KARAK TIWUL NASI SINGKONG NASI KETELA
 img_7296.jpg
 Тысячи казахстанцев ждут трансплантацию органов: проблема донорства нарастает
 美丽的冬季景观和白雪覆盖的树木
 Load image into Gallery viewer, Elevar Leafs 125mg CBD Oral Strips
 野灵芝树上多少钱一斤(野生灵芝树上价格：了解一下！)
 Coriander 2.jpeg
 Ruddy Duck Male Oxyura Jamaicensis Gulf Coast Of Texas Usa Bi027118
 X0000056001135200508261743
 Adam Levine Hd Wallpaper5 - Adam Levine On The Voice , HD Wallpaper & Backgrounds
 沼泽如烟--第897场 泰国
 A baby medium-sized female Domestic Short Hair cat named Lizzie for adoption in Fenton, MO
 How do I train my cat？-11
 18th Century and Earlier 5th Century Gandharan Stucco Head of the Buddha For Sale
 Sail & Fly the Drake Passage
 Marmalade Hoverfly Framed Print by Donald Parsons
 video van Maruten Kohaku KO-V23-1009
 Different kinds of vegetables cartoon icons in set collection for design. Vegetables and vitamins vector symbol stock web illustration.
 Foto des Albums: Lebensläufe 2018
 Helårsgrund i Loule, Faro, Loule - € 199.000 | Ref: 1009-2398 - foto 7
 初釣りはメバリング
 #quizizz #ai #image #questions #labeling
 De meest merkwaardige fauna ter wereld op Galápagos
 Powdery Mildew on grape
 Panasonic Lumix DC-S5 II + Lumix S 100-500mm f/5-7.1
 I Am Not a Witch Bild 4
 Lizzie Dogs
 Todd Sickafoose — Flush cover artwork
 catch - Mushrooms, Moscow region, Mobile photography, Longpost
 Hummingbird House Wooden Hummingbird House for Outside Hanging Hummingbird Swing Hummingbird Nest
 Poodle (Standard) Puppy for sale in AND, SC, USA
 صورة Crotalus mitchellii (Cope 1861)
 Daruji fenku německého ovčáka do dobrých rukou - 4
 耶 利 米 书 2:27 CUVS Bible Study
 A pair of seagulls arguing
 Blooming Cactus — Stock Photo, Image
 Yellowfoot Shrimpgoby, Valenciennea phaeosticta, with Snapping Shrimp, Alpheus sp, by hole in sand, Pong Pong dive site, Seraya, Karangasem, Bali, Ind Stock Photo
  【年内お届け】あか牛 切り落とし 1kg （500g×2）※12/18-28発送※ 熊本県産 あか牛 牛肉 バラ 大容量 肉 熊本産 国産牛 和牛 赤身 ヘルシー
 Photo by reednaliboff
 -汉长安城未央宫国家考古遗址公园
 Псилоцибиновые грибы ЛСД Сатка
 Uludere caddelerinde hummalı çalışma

WORK ORDER ▸
All that is wanted is the stretch of lines above from the one containing "De meest merkwaardige" through the one containing "catch - Mushrooms, Moscow", duplicated exactly.

THE ANSWER ▸
 De meest merkwaardige fauna ter wereld op Galápagos
 Powdery Mildew on grape
 Panasonic Lumix DC-S5 II + Lumix S 100-500mm f/5-7.1
 I Am Not a Witch Bild 4
 Lizzie Dogs
 Todd Sickafoose — Flush cover artwork
 catch - Mushrooms, Moscow region, Mobile photography, Longpost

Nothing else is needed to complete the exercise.